Your goal. Repeat every entry below exactly as given.

Task data.
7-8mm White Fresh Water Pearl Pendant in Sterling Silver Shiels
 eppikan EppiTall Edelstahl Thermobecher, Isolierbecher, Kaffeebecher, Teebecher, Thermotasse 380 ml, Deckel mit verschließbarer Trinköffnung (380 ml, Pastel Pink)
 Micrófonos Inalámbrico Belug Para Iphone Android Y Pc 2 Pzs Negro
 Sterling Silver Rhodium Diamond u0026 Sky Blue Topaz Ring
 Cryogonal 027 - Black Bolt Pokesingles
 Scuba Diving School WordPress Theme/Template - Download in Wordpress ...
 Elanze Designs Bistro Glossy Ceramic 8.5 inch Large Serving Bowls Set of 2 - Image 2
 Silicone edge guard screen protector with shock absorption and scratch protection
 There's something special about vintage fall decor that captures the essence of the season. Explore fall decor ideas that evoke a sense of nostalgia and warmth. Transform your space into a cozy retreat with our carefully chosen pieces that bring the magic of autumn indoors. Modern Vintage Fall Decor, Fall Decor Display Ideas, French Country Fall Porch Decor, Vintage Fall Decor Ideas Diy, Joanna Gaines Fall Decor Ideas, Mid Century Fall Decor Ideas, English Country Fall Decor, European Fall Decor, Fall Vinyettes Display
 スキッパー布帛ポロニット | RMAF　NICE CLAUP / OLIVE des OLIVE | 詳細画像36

Exercise output.
7-8mm White Fresh Water Pearl Pendant in Sterling Silver Shiels
 eppikan EppiTall Edelstahl Thermobecher, Isolierbecher, Kaffeebecher, Teebecher, Thermotasse 380 ml, Deckel mit verschließbarer Trinköffnung (380 ml, Pastel Pink)
 Micrófonos Inalámbrico Belug Para Iphone Android Y Pc 2 Pzs Negro
 Sterling Silver Rhodium Diamond u0026 Sky Blue Topaz Ring
 Cryogonal 027 - Black Bolt Pokesingles
 Scuba Diving School WordPress Theme/Template - Download in Wordpress ...
 Elanze Designs Bistro Glossy Ceramic 8.5 inch Large Serving Bowls Set of 2 - Image 2
 Silicone edge guard screen protector with shock absorption and scratch protection
 There's something special about vintage fall decor that captures the essence of the season. Explore fall decor ideas that evoke a sense of nostalgia and warmth. Transform your space into a cozy retreat with our carefully chosen pieces that bring the magic of autumn indoors. Modern Vintage Fall Decor, Fall Decor Display Ideas, French Country Fall Porch Decor, Vintage Fall Decor Ideas Diy, Joanna Gaines Fall Decor Ideas, Mid Century Fall Decor Ideas, English Country Fall Decor, European Fall Decor, Fall Vinyettes Display
 スキッパー布帛ポロニット | RMAF　NICE CLAUP / OLIVE des OLIVE | 詳細画像36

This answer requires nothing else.